**Instructions to follow**
All that is wanted is the lines from the first line of the listing below through the line containing "Bathroom in Hotel Forum", written out exactly with pictures left out.

**Task material**
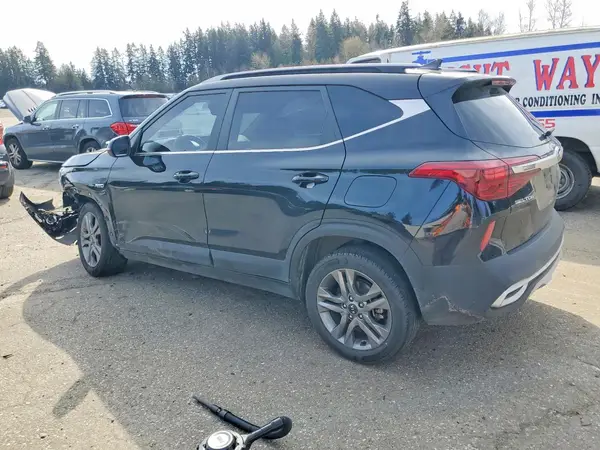 KNDEUCAA3M7166335 2021 KIA SELTOS - Image 2
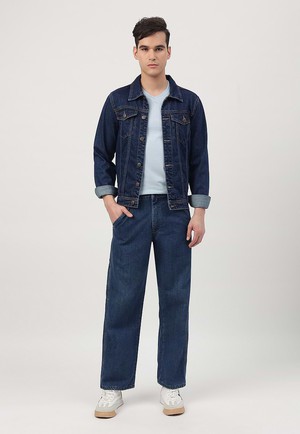 Re.Street Rebel | Hochgeschnittene Jeans mit geradem Bein in dunklem Indigoblau from Un Denim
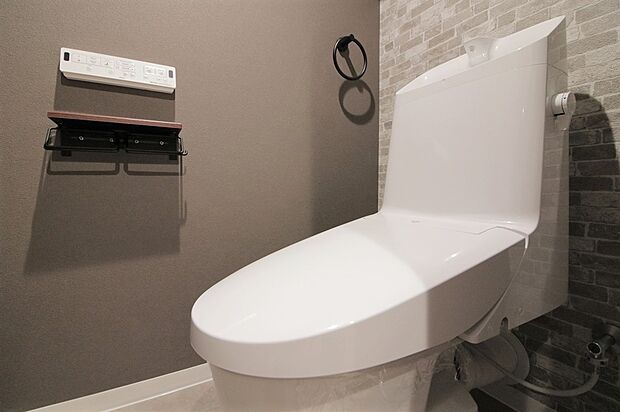 温水洗浄便座付のトイレで、冬の寒い時期でも快適！汚れた時にはサッと拭けて衛生的です。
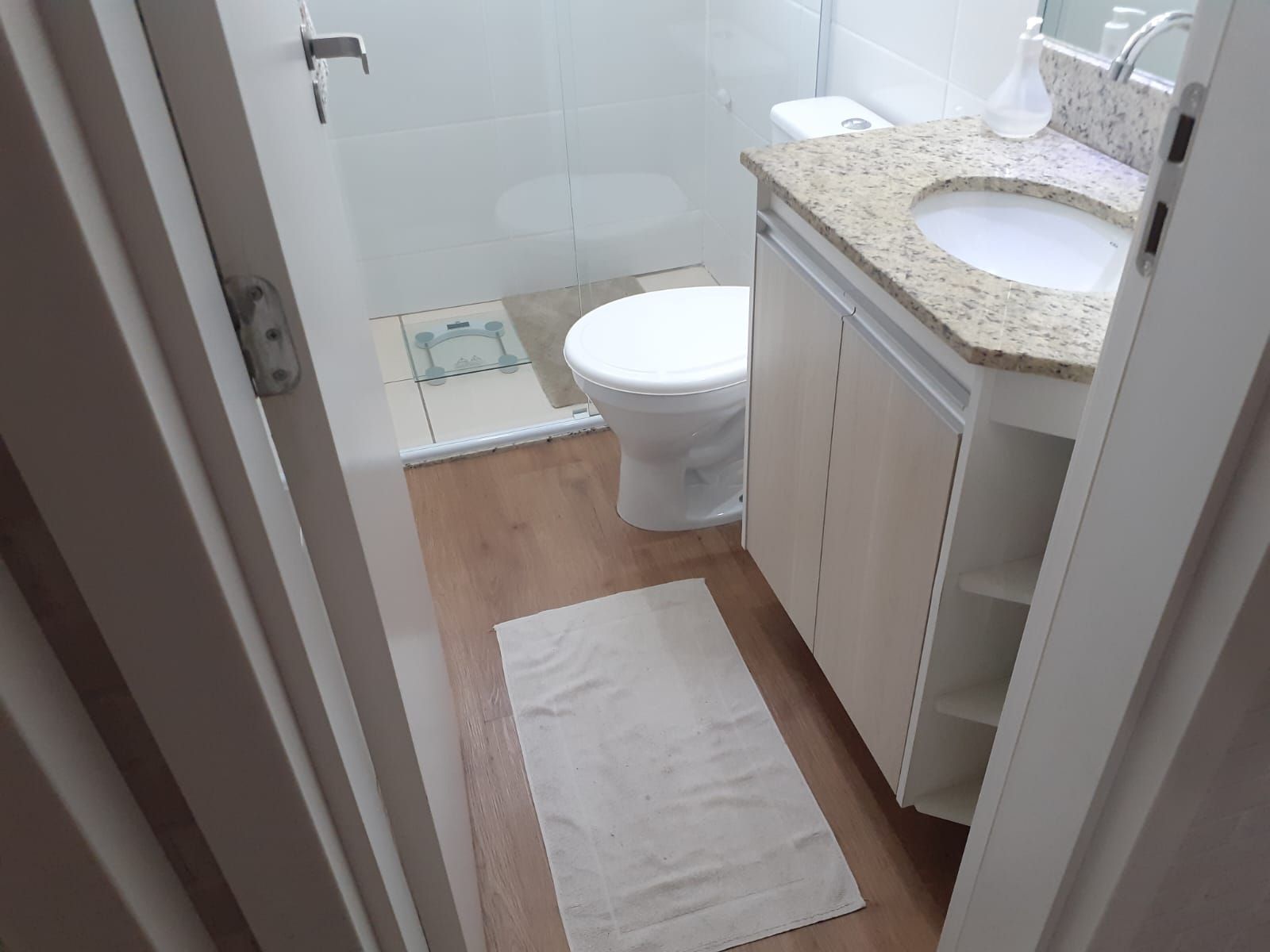 Apartamento com 2 quartos, suíte, varanda e elevador próximo ao Centro, Hortolândia.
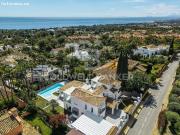 Villa Bellamente Decorada en Ubicación Prestigiosa en la...
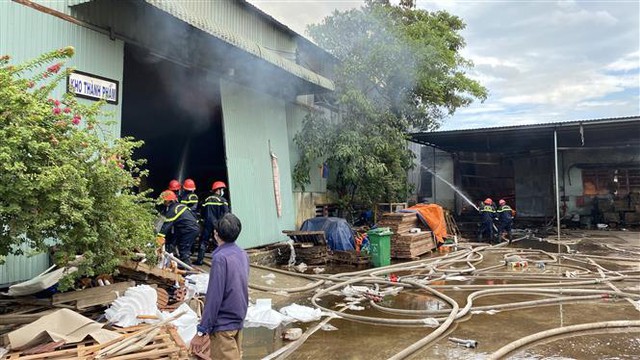 Hai vụ cháy lớn liên tiếp trong KCN Phú Tài (Bình Định), thiệt hại hàng chục tỷ đồng - Ảnh 6.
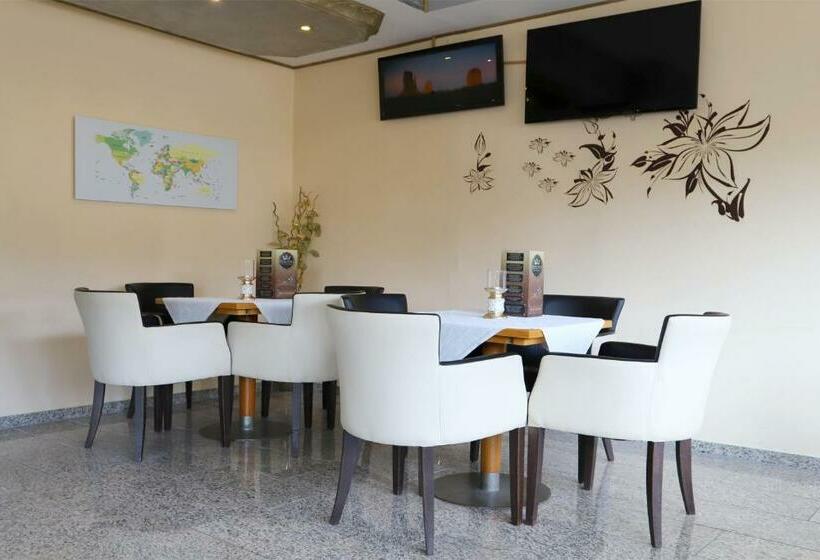 בית מלון כפרי Royal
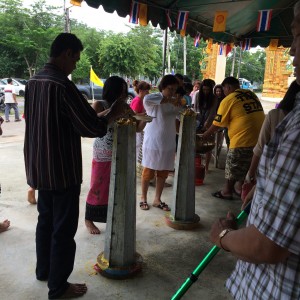 หล่อเทียนเทศกาลเข้าพรรษา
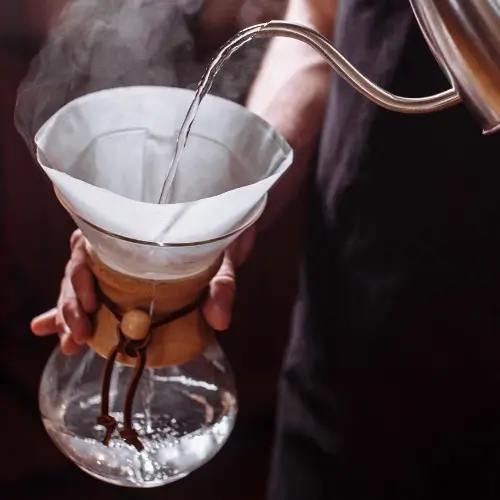 Imagem de café sendo feito pelo método Chemex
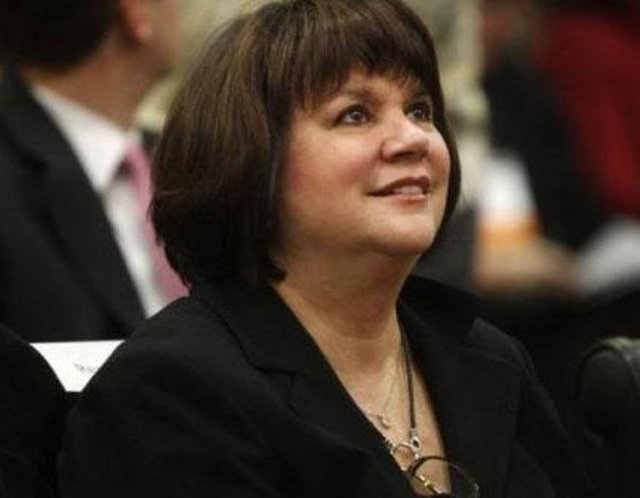 Bir döneme sesiyle damgasını vuran ünlü şarkıcı Linda Ronstadt, Parkinson hastalığına yakalandığını açıklamıştı bir süre önce.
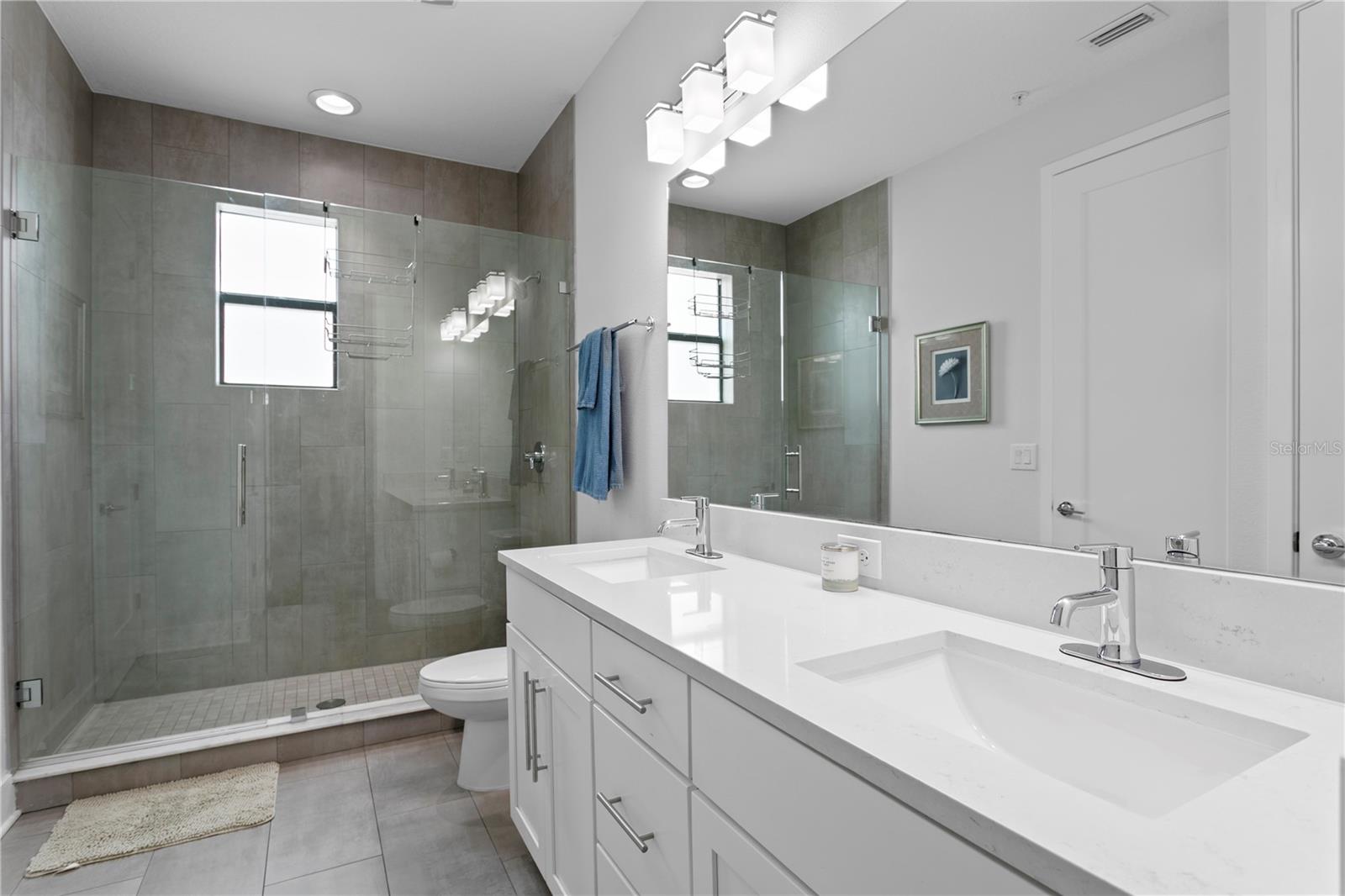 Image 11 of 19 For 2511 Grady Avenue 63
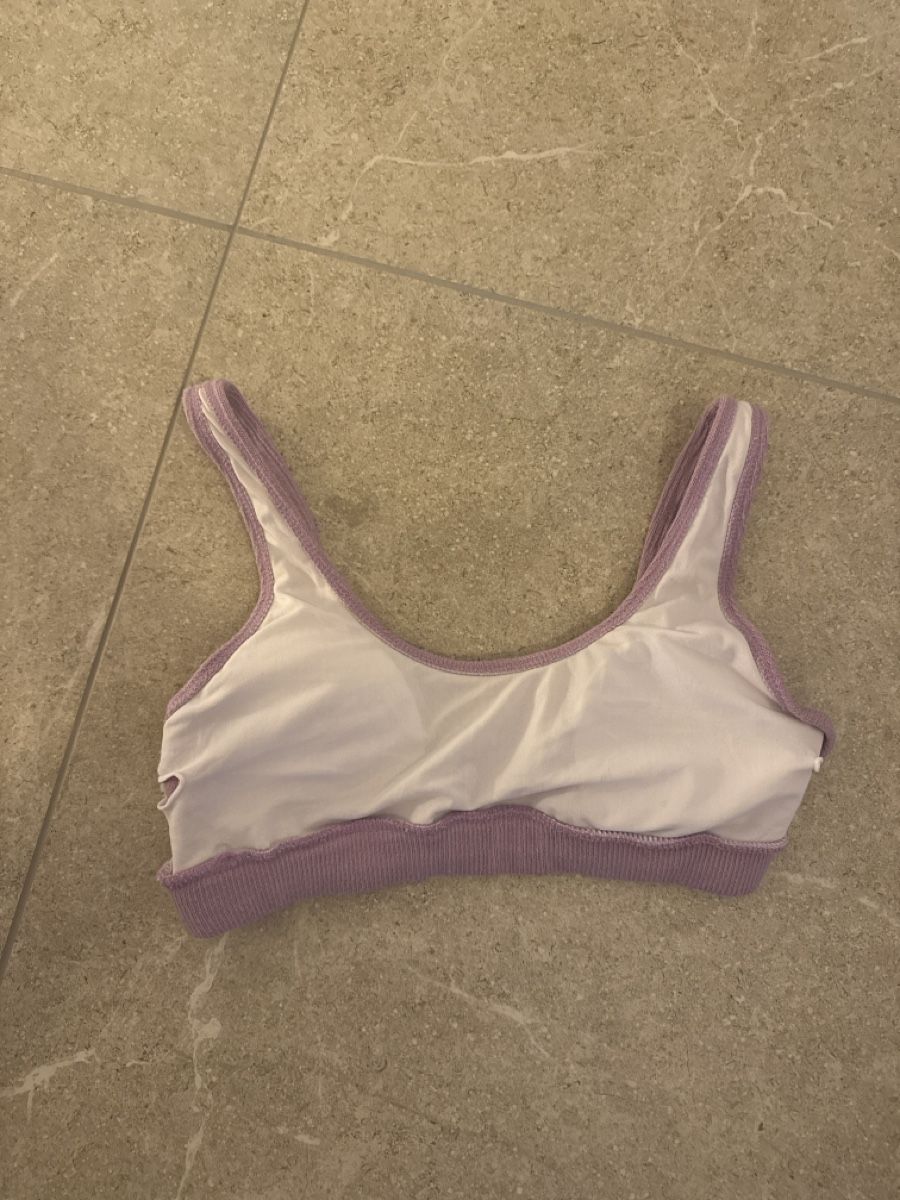 Costumi da bagno & Bikini: Lilafarbenes Bikinitop mit integrierten Pads, Gr. M – Usato da Gächlingen venduto da anjuli_123 1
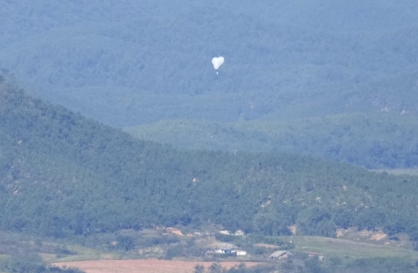 N. Korea launches 32nd wave of trash balloons, anti-S. Korea leaflets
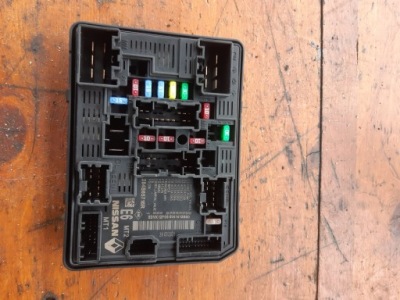 Модуль usm dacia sandero iii 284b65716r фото №1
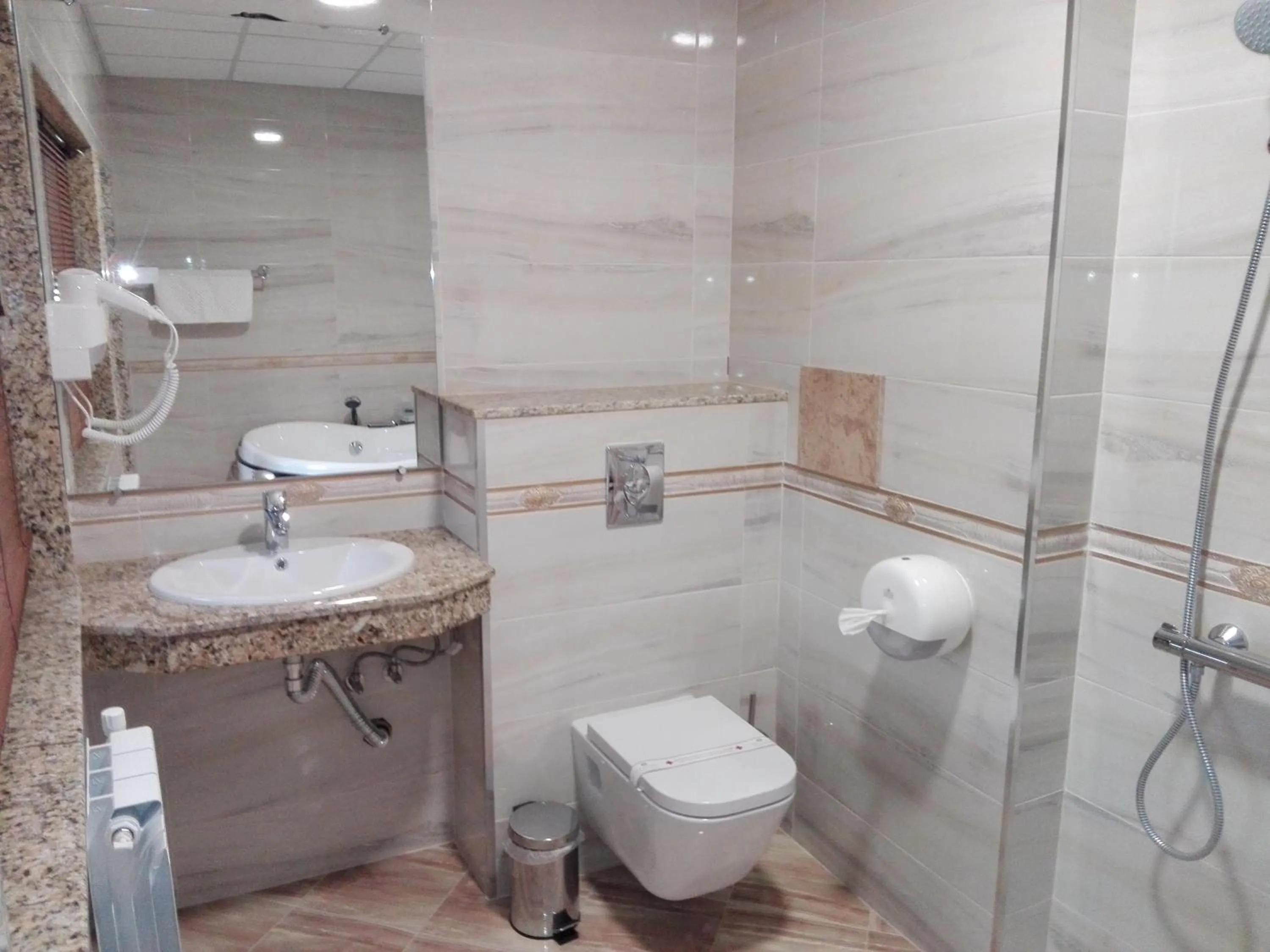 Bathroom in Hotel Forum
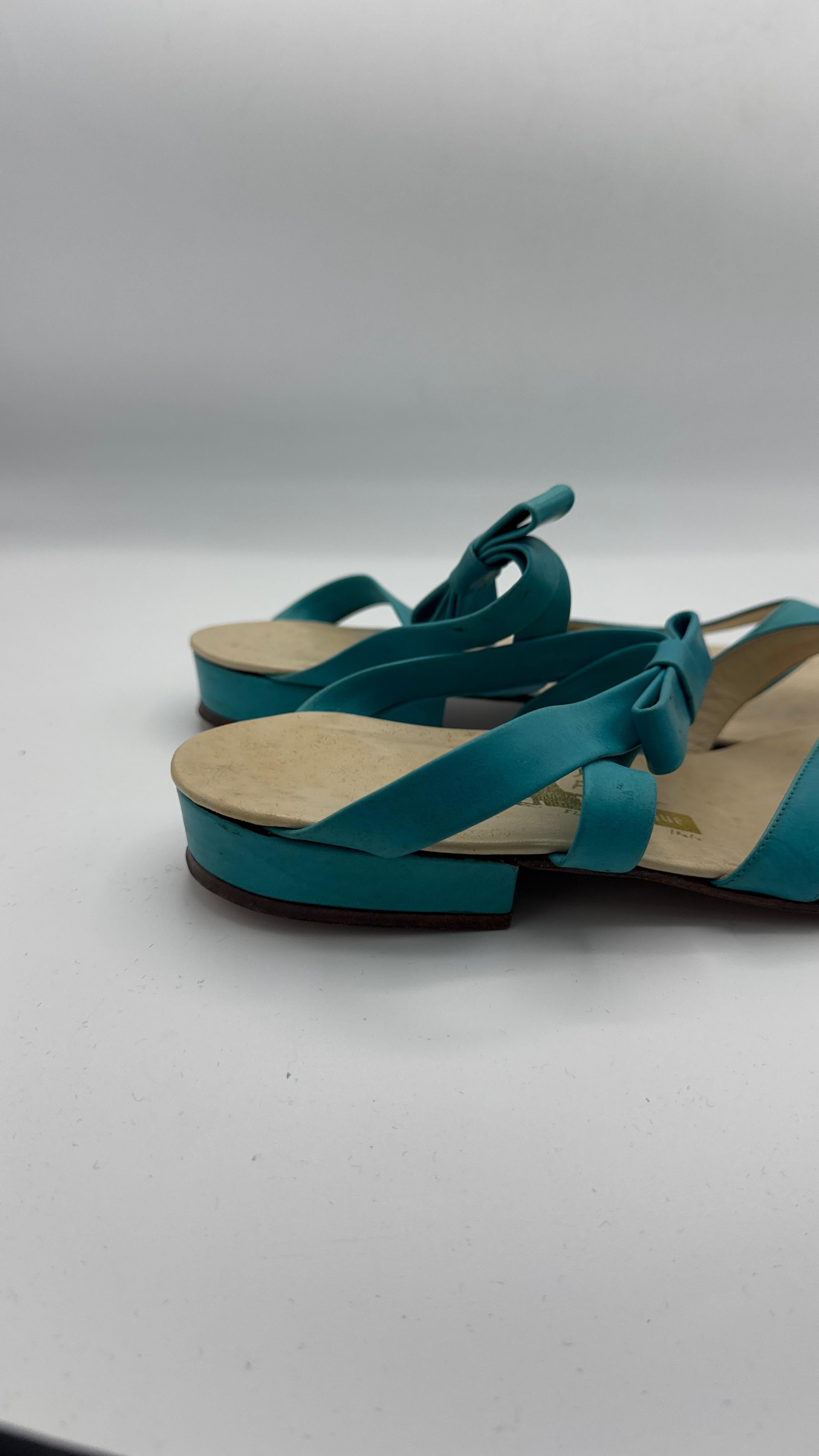 Salvatore Ferragamo Boutique Sandalias planas de piel turquesa con lazos en venta 5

**Solution below**
 KNDEUCAA3M7166335 2021 KIA SELTOS - Image 2
 Re.Street Rebel | Hochgeschnittene Jeans mit geradem Bein in dunklem Indigoblau from Un Denim
 温水洗浄便座付のトイレで、冬の寒い時期でも快適！汚れた時にはサッと拭けて衛生的です。
 Apartamento com 2 quartos, suíte, varanda e elevador próximo ao Centro, Hortolândia.
 Villa Bellamente Decorada en Ubicación Prestigiosa en la...
 Hai vụ cháy lớn liên tiếp trong KCN Phú Tài (Bình Định), thiệt hại hàng chục tỷ đồng - Ảnh 6.
 בית מלון כפרי Royal
 หล่อเทียนเทศกาลเข้าพรรษา
 Imagem de café sendo feito pelo método Chemex
 Bir döneme sesiyle damgasını vuran ünlü şarkıcı Linda Ronstadt, Parkinson hastalığına yakalandığını açıklamıştı bir süre önce.
 Image 11 of 19 For 2511 Grady Avenue 63
 Costumi da bagno & Bikini: Lilafarbenes Bikinitop mit integrierten Pads, Gr. M – Usato da Gächlingen venduto da anjuli_123 1
 N. Korea launches 32nd wave of trash balloons, anti-S. Korea leaflets
 Модуль usm dacia sandero iii 284b65716r фото №1
 Bathroom in Hotel Forum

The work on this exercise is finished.